- [Problem to work on]
Although the entries contain pictures, your copy should hold only their exact text.
Start of Given entries
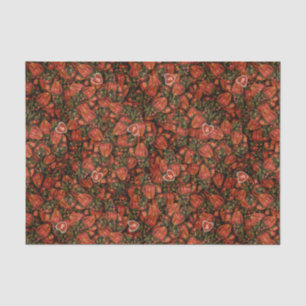 Papel de tejidos de fresa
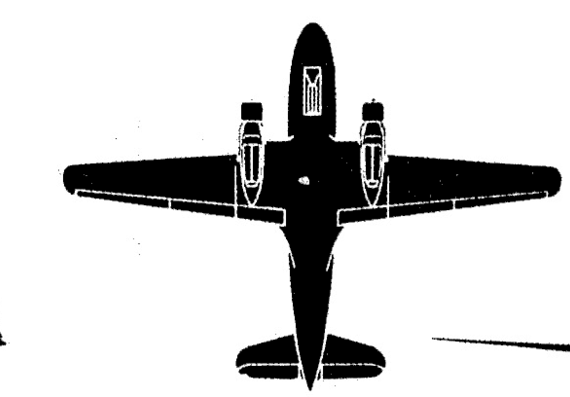 Самолет Илюшин Il-12 Codeh - чертежи, габариты, рисунки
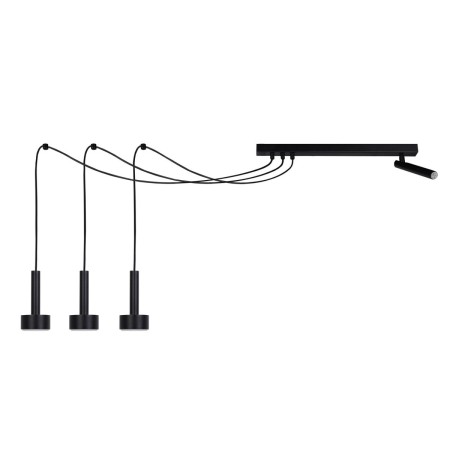 oryginalna oprawa Sigma STAMP lampa wisząca-lampa pająk 41255 kolor czarny 3xGX53 12W LED- 1xG9 3W LED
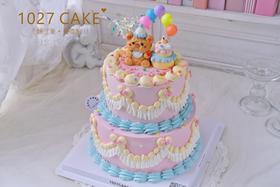 1027CAKE | 双层蛋糕   黄油小熊（提前1-2天）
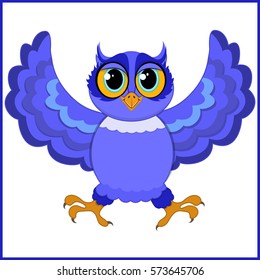 Owl purple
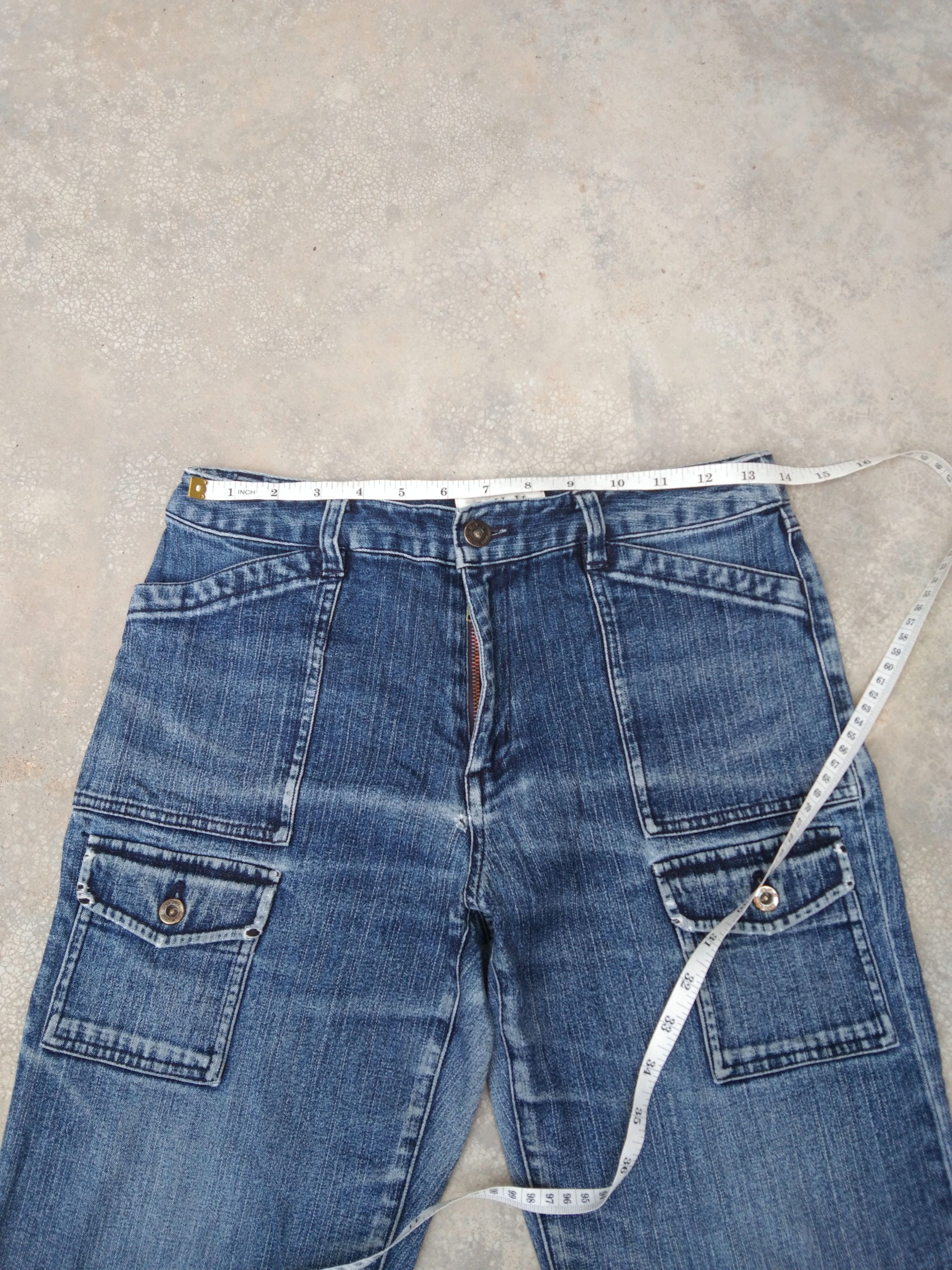 Michel Klein Vintage Faded Blue Michel Klein Boot Cut Jeans 27x28 Size US 27 - 3 Thumbnail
End of Given entries
- [Written reply]
 Papel de tejidos de fresa
 Самолет Илюшин Il-12 Codeh - чертежи, габариты, рисунки
 oryginalna oprawa Sigma STAMP lampa wisząca-lampa pająk 41255 kolor czarny 3xGX53 12W LED- 1xG9 3W LED
 1027CAKE | 双层蛋糕   黄油小熊（提前1-2天）
 Owl purple
 Michel Klein Vintage Faded Blue Michel Klein Boot Cut Jeans 27x28 Size US 27 - 3 Thumbnail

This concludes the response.